Mr Umunna said “The violence is committed by a minority – a significant minority – of young people” but praised the energy and creativity of other young people who are “Among the very best in the world”. He was wary of giving young people the gang label without giving them a way to get rid of it and he called for an independent cross-party commission, including young people, to get to the heart of the issues and recommend long term policies for stopping youth violence.

The debate recognised there are many causes of this violence and no single solution. Some youngsters joined delinquent groups out of fear that if they did not they could be vulnerable to violence and being inside the group would be safer. Some carry weapons because they are status symbols in the group. Violence is glamourized in films and pop culture. Others come from dysfunctional families with a history of domestic violence and sexual exploitation and the group becomes a surrogate family for them.

They may underachieve at school and leave with insufficient legitimate skills to obtain employment and earn an honest income. That adds to their marginalisation in a consumerist society, so crime offers an alternative means of funding their pleasures. A growing number of these delinquent groups use drugs and are exploited by older suppliers to sell them. There may be a dearth of out of school youth services to expand their horizons, so they become trapped in a destructive lifestyle; especially if they have mental health problems.

As Patrick Regan and XLP have shown, it is possible to liberate youngsters from this sort of lifestyle. He works with ex-gang members to warn youngsters why it is dangerous to be involved with delinquent groups and offer them alternative role models.

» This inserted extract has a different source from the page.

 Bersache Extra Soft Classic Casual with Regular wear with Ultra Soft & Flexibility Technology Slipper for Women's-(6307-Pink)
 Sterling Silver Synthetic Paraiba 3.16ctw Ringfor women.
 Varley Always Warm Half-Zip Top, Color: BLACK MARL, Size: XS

Chuka Umunna called for the standard of youth work to be raised alongside that of school teaching. Schools may be able to do more in helping the youngsters acquire sufficient skills to find legitimate employment and also help them to develop personal responsibility for their choices and behaviour.

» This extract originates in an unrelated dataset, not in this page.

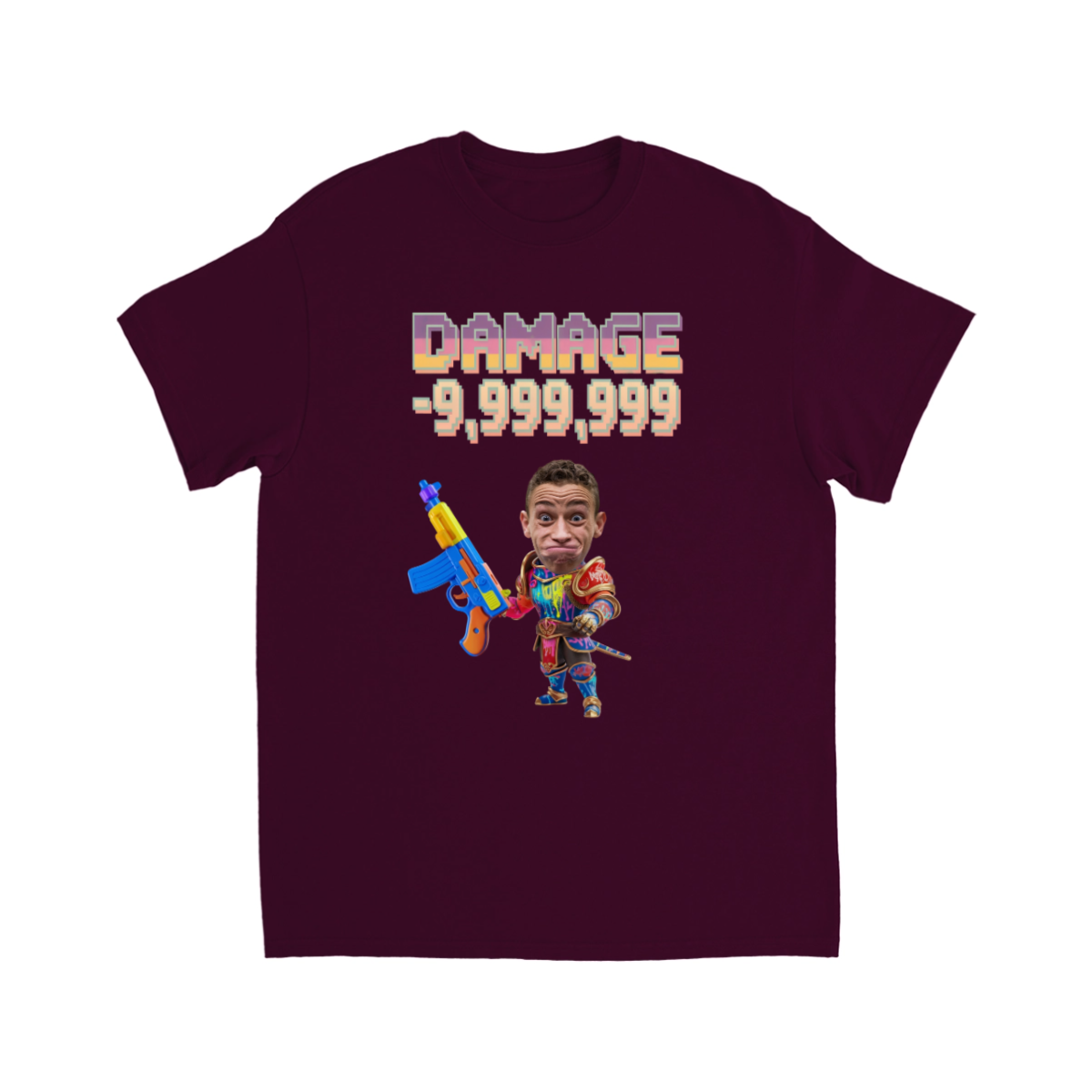 CUSTOM FIGHTING CHARACTER T-SHIRT ( KNIGHT W/ WATERGUN)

Local authorities can work with churches that employ a large percentage of youth workers. In London the youth charity Redthread works with the Mayor’s team to place specialist youth workers in four major hospitals to connect with victims of ‘gang crime’ (who are being treated there). They have already helped more than 600 young people; two thirds of whom had been stabbed. Offering them a way out of a delinquent lifestyle is what they and society needs.

The prayer prompts include the victims and perpetrators of youth violence, youngsters and their families, teachers and youth workers, policy makers, the police and how the media portrays violence.